I'm just back from filming on Dorset's River Frome, that glorious little river that I visited just a couple of weeks back.

On one level, my trip was a phenomenal success. I've always wanted a UK three pound grayling and, like buses, they came along in profusion. My very first cast of the shoot produced one of 3.12. This was followed up by a second monster at 3.11.

The second day I managed a scraper three and was nearly disappointed with one of 2.8. It was magical stuff and I count myself hugely privileged to be able to fish such a river. However, look a bit more deeply under the surface of this triumph and there are dark clouds to be witnessed.

We had been filming on a bend and moved upriver. We came back an hour later and found a half-consumed grayling of around a couple of pounds.

There were otter tracks all around and the culprit could not be mistaken. In all probability, that animal had watched us come and go before making its move. I was personally horrified. I've always felt, and many times written, that big, wild fish develop defences against otter attacks. How wrong can I be?

A second incident shook me. A river-keeper told me that he had recently witnessed a cormorant in the submerged branches of an overhanging tree. Outside the branches four of its colleagues were waiting for frightened fish to be flushed out.

Not only are cormorants resourceful and cunning but this shows, too, that the idea that sanctuary can save our fish is a complete illusion. There is virtually no problem that cormorants cannot overcome.

I drove home for a chub day on the river. It panned out to be almost an exact parallel of my time on the Frome.

I was guiding and we caught chub. That's great but virtually all of the fish, all mature, bore scars of previous attacks by either cormorants or otters.

One of the chub had most of his tail eaten, though well healed. Most of the chub had signs of cormorant attacks down the flank either raw or, once again, largely healed. Of course, these fish are the survivors and the vast majority of their year class are now history.

On both the Frome and the Wensum, what was very noticeable was the complete lack of small fish.
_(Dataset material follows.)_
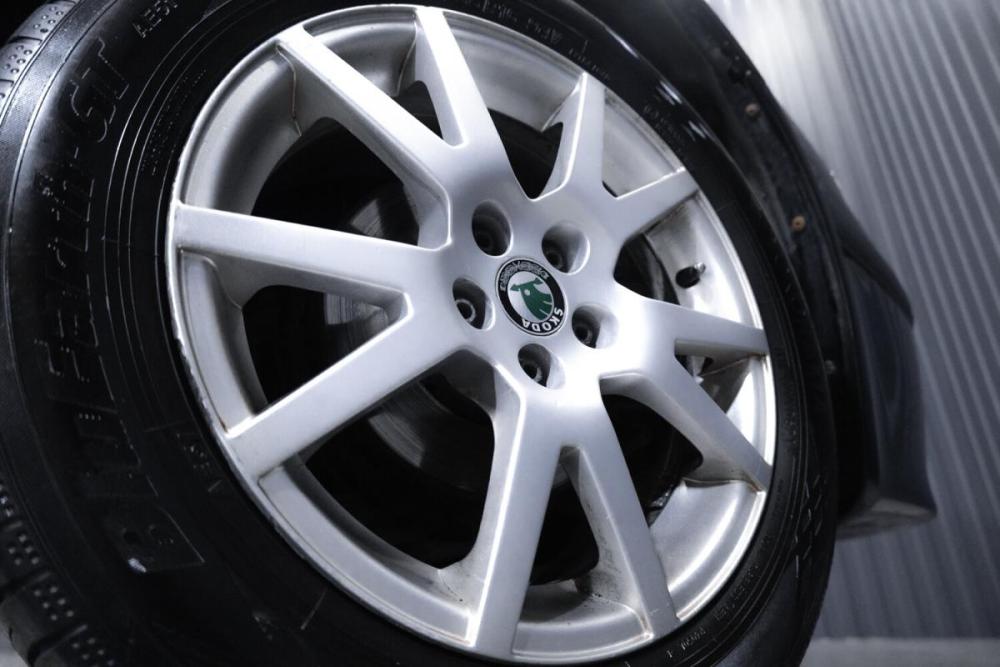 Skoda Octavia I (A4) Рестайлинг Тюмень  - изображение 13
On the Frome, the only grayling were massive ones. On the Wensum, it's ages now since I've caught any chub less than three or four pounds.

We have to break through the modern mantra of habitat, habitat and more habitat. This is what environmentalists learn at university and bring back into the natural world.
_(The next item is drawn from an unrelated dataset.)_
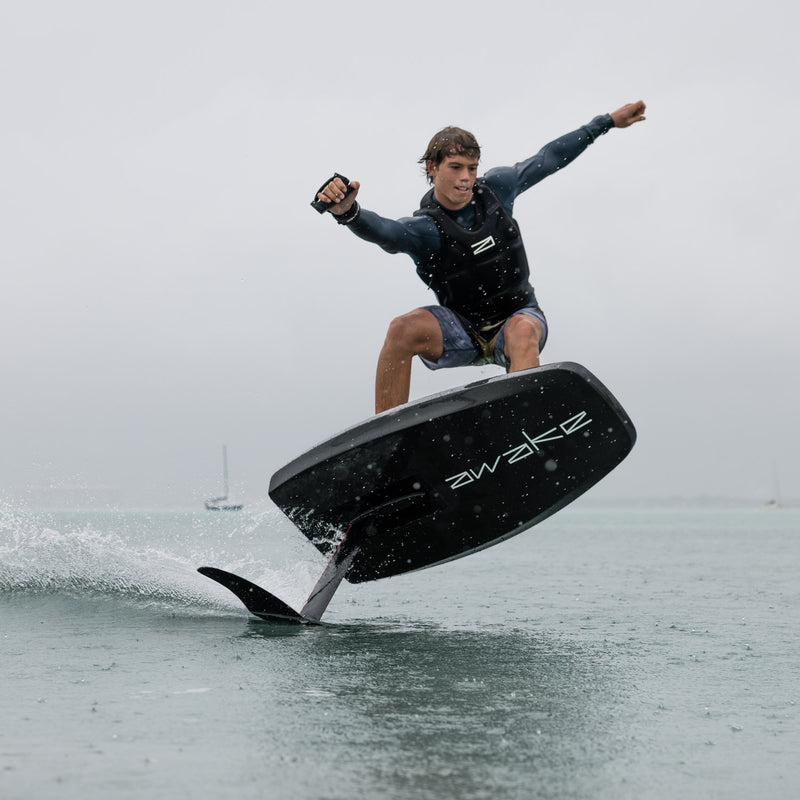 A young man making a tight carve on the Rävik S while it is raining.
I'm not a dinosaur. I know that habitat is essential but it's not everything. You also have to have fish to make use of that habitat and, on many, if not most of our upper rivers, there are simply not enough stocks to thrive and replenish. When small fish do manage to come through, their chances of being picked off by cormorants are depressingly high.

We've got the habitat, so we need the fish. Many anglers will remember when there was a thriving fish farm run by the authorities at Hellesdon.
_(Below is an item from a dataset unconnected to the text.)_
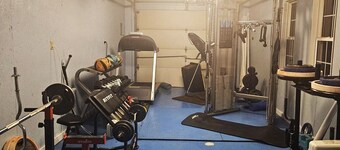 Charming barn with 1 bedroom and AC, fitness room in lovely Salem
That was a massive asset. Fish were transferred backwards and forwards across the region and waters in need of stocking got the fish required.

Now, there is absolutely nothing like this. The EA have stocked barbel, of course, in the past but I can't remember the last time I heard them talk about stockings of anything in the future.

And, if we do find fish to restock our upper rivers we've then got to protect them. We're not in the business of just feeding more and more cormorants.

That's foolhardy. We have to stir ourselves and apply for cormorant licences on a catchment by catchment basis.

Believe me, unless we act now, in 10 years we will all be fishing behind fences, the fish newly arrived on the back of a lorry. I can't imagine a worse fishing scenario.